By Kelly Sloan | Contributing Commentary, Rocky Mountain Voice
Writing a political column is a notoriously difficult endeavor two days before a major election. By the time you read this, editorial vagaries being what they are, the election will be over and any electoral prognostication or attempt at influence will be rendered, well, moot.
We may or may not know for certain how it all turned out, but even if there remain votes to count, or recounts to be conducted, the United States will have, via the electoral college, selected either Donald Trump or Kamala Harris as President. Sort of Schrodinger’s Cat as applied to democracy.
What we do know is that whoever the next president is will be inheriting an increasingly dangerous and unstable world beyond America’s borders, and the new inhabitant of the White House will need to muster resources preternatural to either candidate’s inherent instincts to deal with it.
Politico’s National Security Daily newsletter ran a kind of a fun piece recently dwelling on the various attempts to attach a moniker to the emerging (emerged?) quartet of anti-western nations that are posing the new threat –- Russia, China, Iran, and North Korea. Among the suggestions were “Axis of Evil” (we’ve been there before); “Axis of Authoritarianism” (please); a couple plays on the acronym – China, Russia, Iran, North Korea, or “CRINK” (really?), or alternatively adding “global extremists” to the end, making “CRINGE” (speaks for itself.) Mike Pence’s “Wolfpack of Rouge Nations” is not bad, but sounds a little too appealing, like something one might want to join rather than to mount a defence against. Speaker Mike Johnson’s “Interconnected web of threats” is surgically precise and categorically accurate, but too staid and academic, even for me. And that’s saying something.
Whatever we end up taxonomizing them as, the key nations in this devil’s brew -– Russia and China –- are the undisputed leaders of BRICS; yes, another acronym, this one for Brazil, Russia, India, China, and South Africa, the first four of which founded the group in 2009 before admitting South Africa in 2011 at the invitation of China. Since then, it has expanded to include Egypt, Ethiopia, Iran, Saudi Arabia, and the United Arab Emirates (UAE), and is set to expand its number further, up to 22.
BRICS leaders held their 16th annual summit in Kazan, Russia from the 22nd to 24th October. Russian dictator Vladimir Putin squeezed out every ounce that he could from the summit, using it as a platform to garner support for his war of naked aggression on Ukraine, condemn Isreal for their defensive war for survival in Gaza, and criticize the West -– and America in particular -– for every horrible capitalist, imperialist sin imaginable. It attracted the likes of former British MP George Galloway — a guy so radically leftist that he was once booted from the Labour Party, who fawningly embraced it as the future of world order: “I’m a father of six. BRICS is their future, and it’s very exciting. BRICS now represents half the world’s population –- this is a turning point in world history.”
Putin agreed wholeheartedly, telling the assembled leaders that “the process of forming a multipolar world order is underway, a dynamic and irreversible process.”

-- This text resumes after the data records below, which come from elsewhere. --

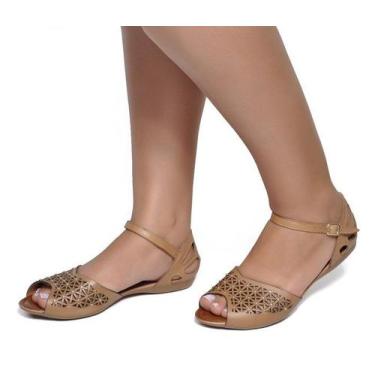 Imagem de Sandália Rasteira em Couro Taupe - Flor d'couro, 36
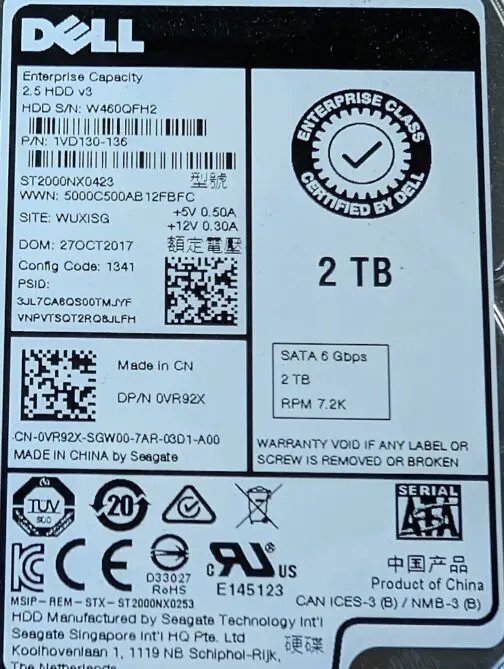 Dell 2TB 0VR92X SATA 6Gb/s Hard Drive ST2000NX0423 w/tray - Image 2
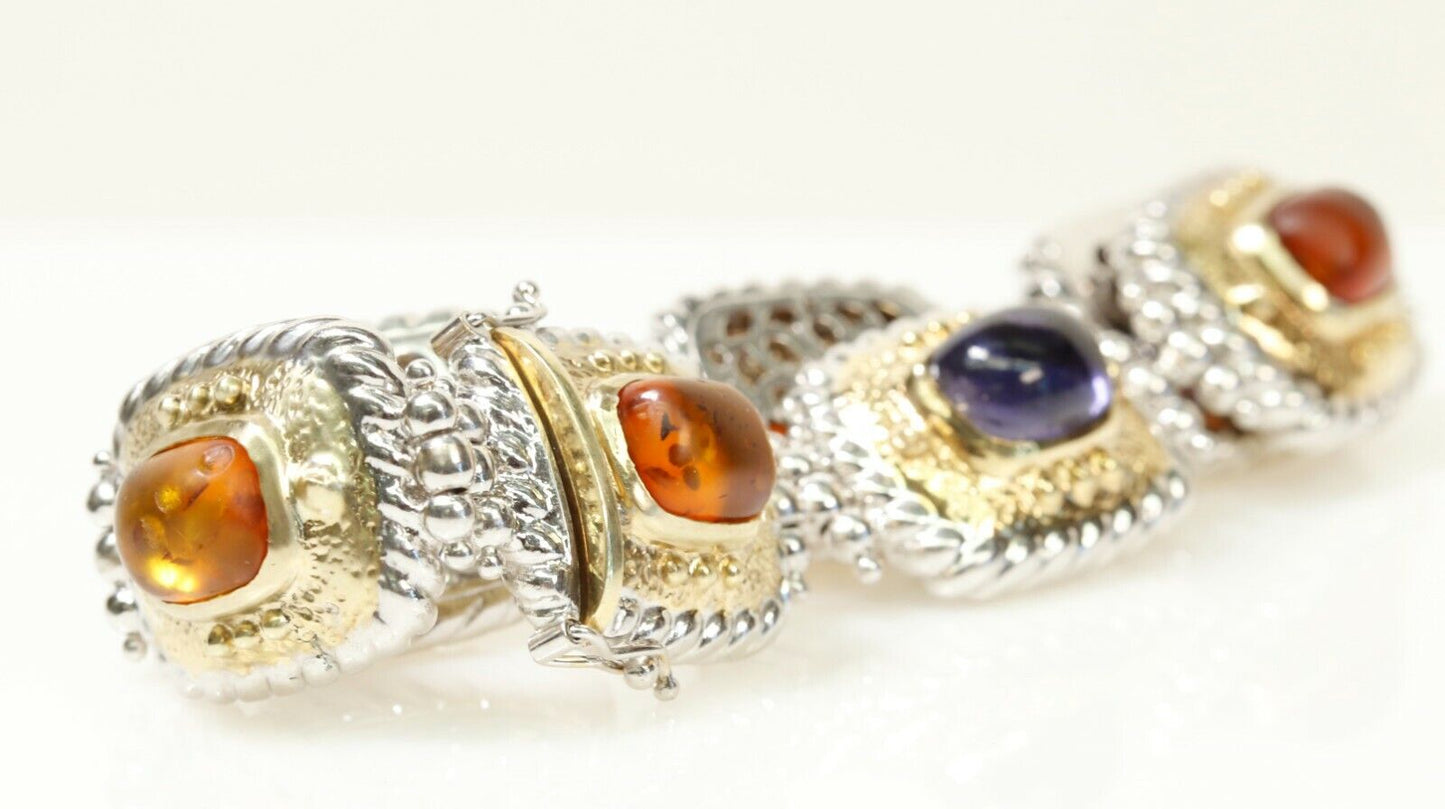 Heavy Iolite and Amber Bracelet 14K 2-Tone 54 Grams 7.5” Long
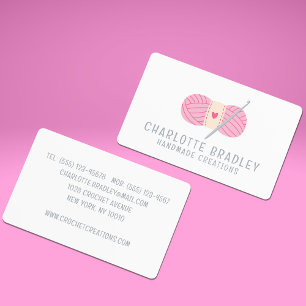 Einfache, moderne Crochet Handmade Crocheting Visitenkarte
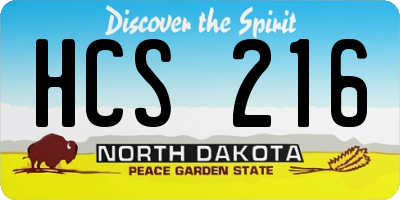 ND license plate HCS216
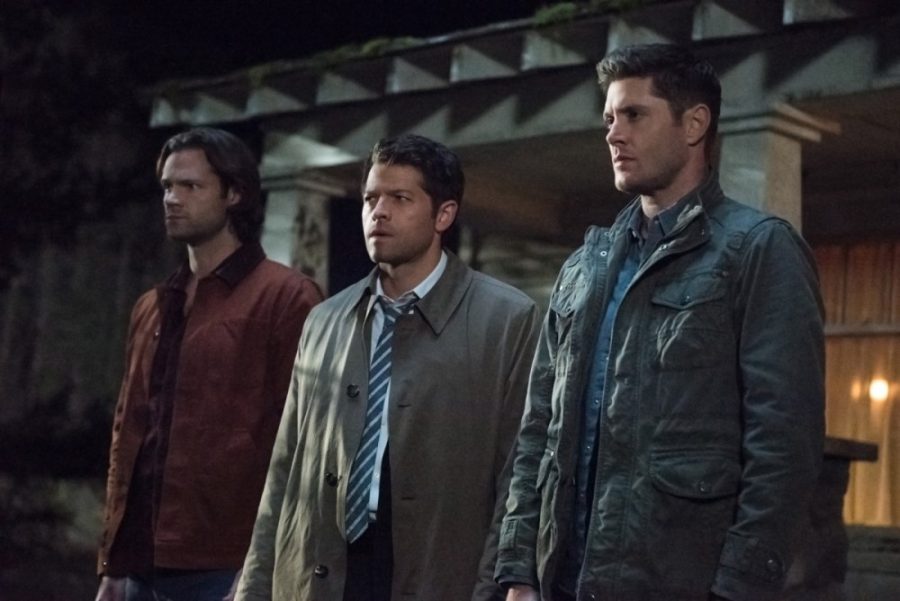 Jensen Ackles, Misha Collins and Jared Padalecki in Supernatural.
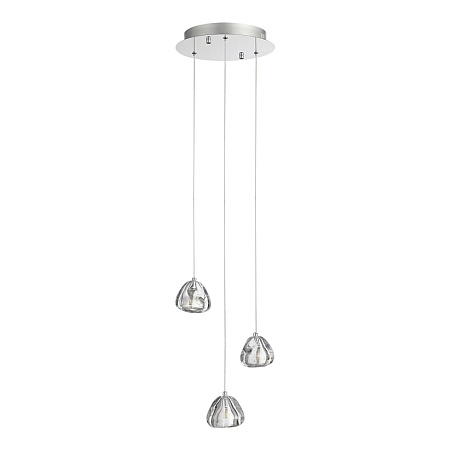 Светильник подвесной ST-Luce Хром/Прозрачный с пузырьками воздуха LED 3*3W 3000K SL6017.101.03 - фото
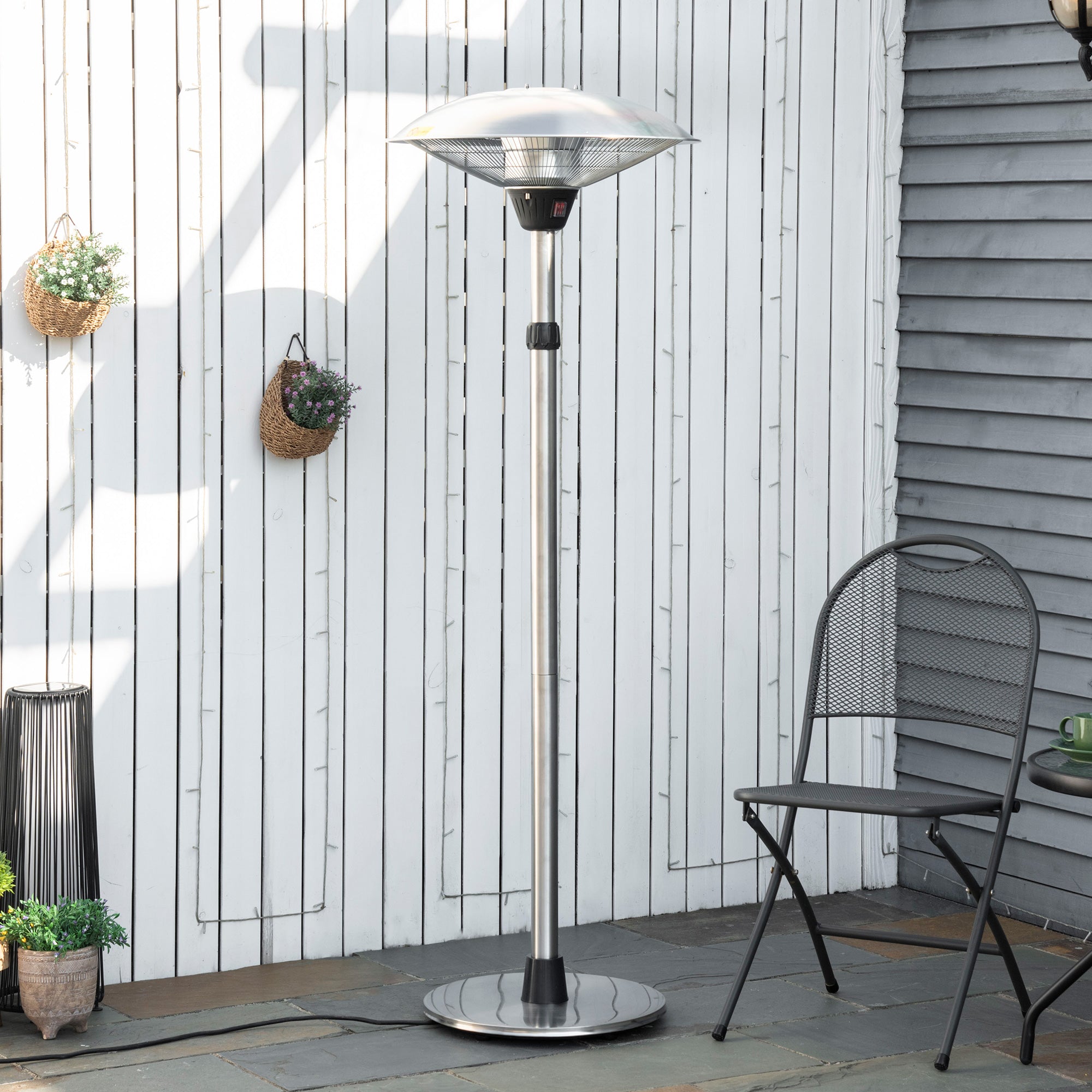 Aquecedor de Jardim Elétrico 3000W Prata Ø58,5x200cm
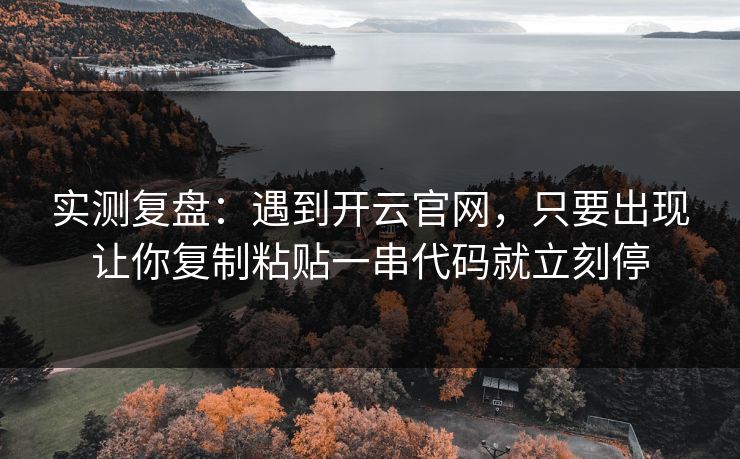 实测复盘：遇到开云官网，只要出现让你复制粘贴一串代码就立刻停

Why does this matter? Well, the organization was explicitly founded to provide something of a counterweight to the G-7 –- that is, to challenge the economic dominance of the free-market West. Much of the discussion at BRICS summits, this one no exception, centers around establishing an alternative to the U.S. dollar as the de facto global currency. It would be easy to write off the organization as an inconsequential parcel of rogues, save for the fact that it’s two top founding members share a few things in common: the most important being that both are nuclear powers, both are vigorously committed to expanding their influence, and both hate existing in a rules-based world led economically by the United States.
The fledgling alliance has its difficulties; for one thing, its founding members are not exactly the picture of cohesion. Russia and China are pretty much sympatico with one another when it comes to their desire to take the West down a few pegs. But Brazil and India are not so enthusiastic. Neither really wants to entirely upend the global economic order, and neither wants to entirely alienate the West. Both have stayed largely on the sidelines when it comes to Russia’s Ukraine war, neither explicitly condemning nor supporting it. This fissure within the alliance is an important one.
Nevertheless, the ascendency of BRICS poses a challenge to the West, economically and strategically. BRICS has granted Putin an avenue to insulate himself from Western sanctions and garner legitimacy for his aggression; and has vouchsafed China a new avenue to expand its own global influence, at the expense of the U.S. Exploiting the fissure within the organization would seem a rather obvious and crucial evolution, but represents a level of statecraft that seems sorely lacking in the West at the moment. It is precisely that level of statecraft, however, that history is demanding of the person just elected to be the next U.S. President, so help us God.